**What you will do**
All that is wanted is the exact text of the lines below from the one with "Ciurlionis, Kaunas, Litvánia" through the one with "60th Birthday Necklace, Turning", inclusive, minus any pictures.

**Records shown**
────

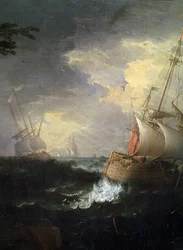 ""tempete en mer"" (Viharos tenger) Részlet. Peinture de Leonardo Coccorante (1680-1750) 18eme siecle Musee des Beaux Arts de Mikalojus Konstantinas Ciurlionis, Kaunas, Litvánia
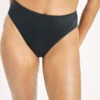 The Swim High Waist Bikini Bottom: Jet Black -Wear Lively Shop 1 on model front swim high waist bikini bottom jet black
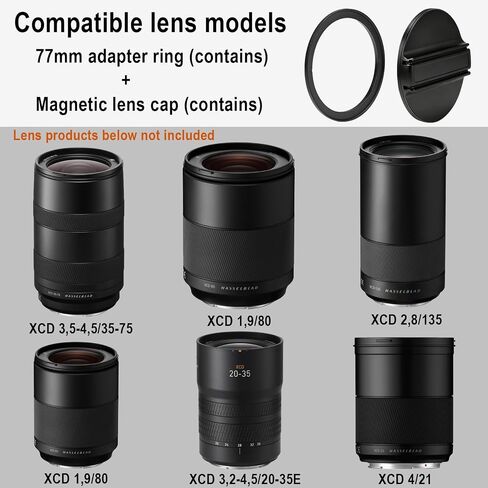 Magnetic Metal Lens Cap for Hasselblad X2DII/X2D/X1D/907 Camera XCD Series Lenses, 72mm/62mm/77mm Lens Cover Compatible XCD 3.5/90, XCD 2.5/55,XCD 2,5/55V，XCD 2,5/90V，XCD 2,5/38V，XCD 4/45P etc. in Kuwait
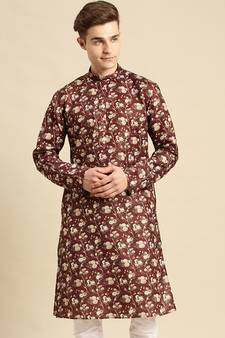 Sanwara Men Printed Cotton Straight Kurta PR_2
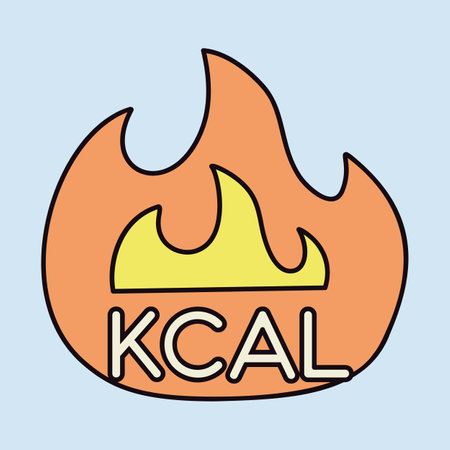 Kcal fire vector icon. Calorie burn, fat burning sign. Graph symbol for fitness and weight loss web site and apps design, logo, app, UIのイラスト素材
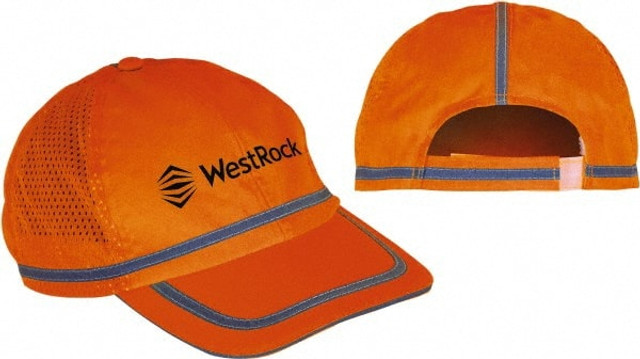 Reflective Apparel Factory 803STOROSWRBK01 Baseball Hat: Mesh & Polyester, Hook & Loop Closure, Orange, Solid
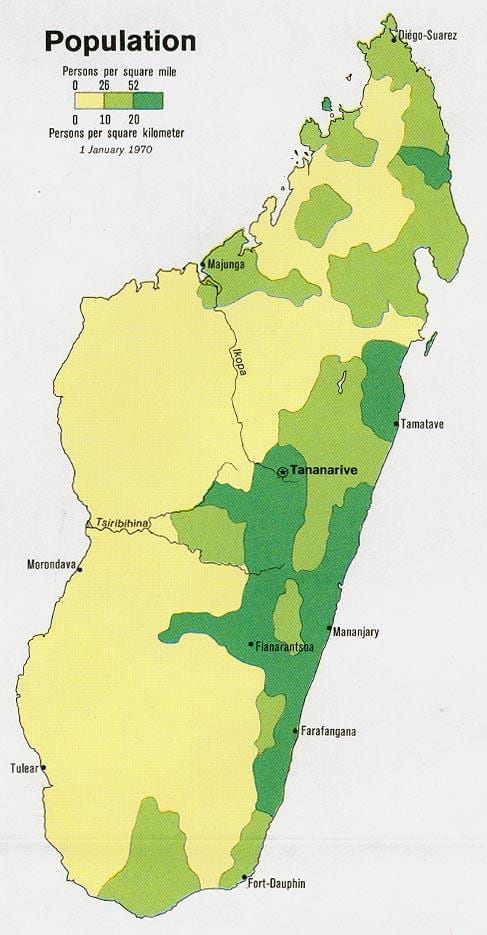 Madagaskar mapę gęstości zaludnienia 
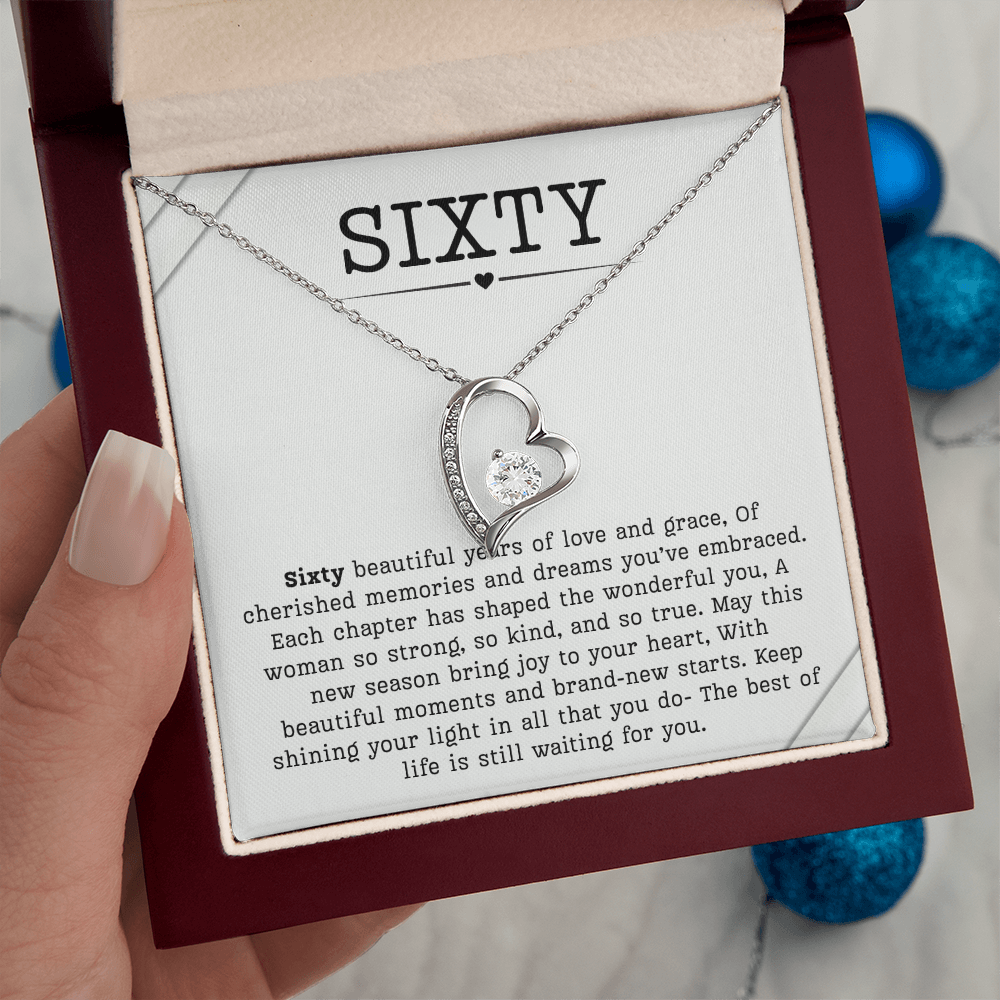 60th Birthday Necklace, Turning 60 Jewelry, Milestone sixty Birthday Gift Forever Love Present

────

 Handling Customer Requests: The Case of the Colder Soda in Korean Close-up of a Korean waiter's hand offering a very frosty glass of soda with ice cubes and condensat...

────

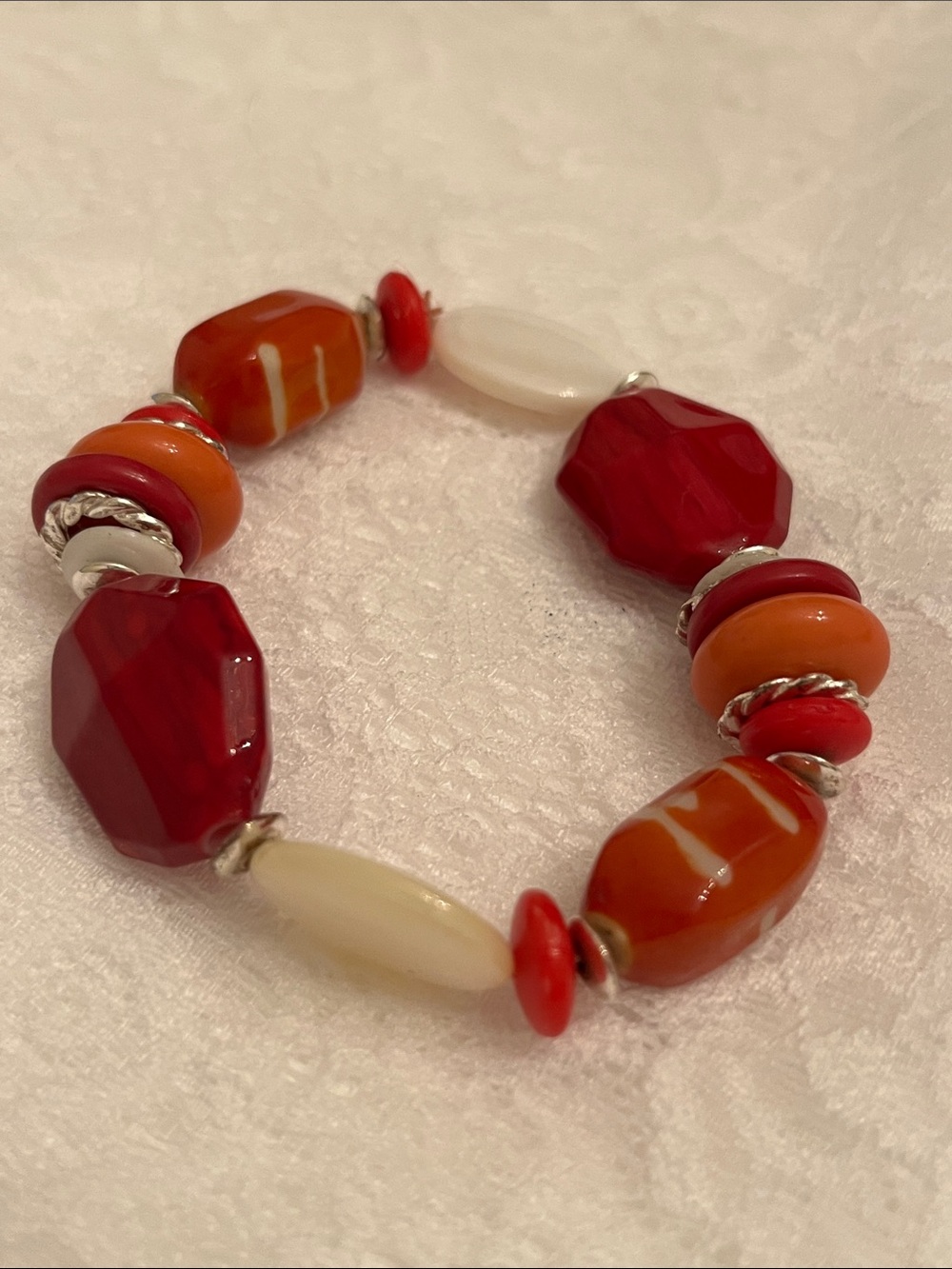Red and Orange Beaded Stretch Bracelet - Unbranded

────

**Exercise result**
 ""tempete en mer"" (Viharos tenger) Részlet. Peinture de Leonardo Coccorante (1680-1750) 18eme siecle Musee des Beaux Arts de Mikalojus Konstantinas Ciurlionis, Kaunas, Litvánia
 The Swim High Waist Bikini Bottom: Jet Black -Wear Lively Shop 1 on model front swim high waist bikini bottom jet black
 Magnetic Metal Lens Cap for Hasselblad X2DII/X2D/X1D/907 Camera XCD Series Lenses, 72mm/62mm/77mm Lens Cover Compatible XCD 3.5/90, XCD 2.5/55,XCD 2,5/55V，XCD 2,5/90V，XCD 2,5/38V，XCD 4/45P etc. in Kuwait
 Sanwara Men Printed Cotton Straight Kurta PR_2
 Kcal fire vector icon. Calorie burn, fat burning sign. Graph symbol for fitness and weight loss web site and apps design, logo, app, UIのイラスト素材
 Reflective Apparel Factory 803STOROSWRBK01 Baseball Hat: Mesh & Polyester, Hook & Loop Closure, Orange, Solid
 Madagaskar mapę gęstości zaludnienia 
 60th Birthday Necklace, Turning 60 Jewelry, Milestone sixty Birthday Gift Forever Love Present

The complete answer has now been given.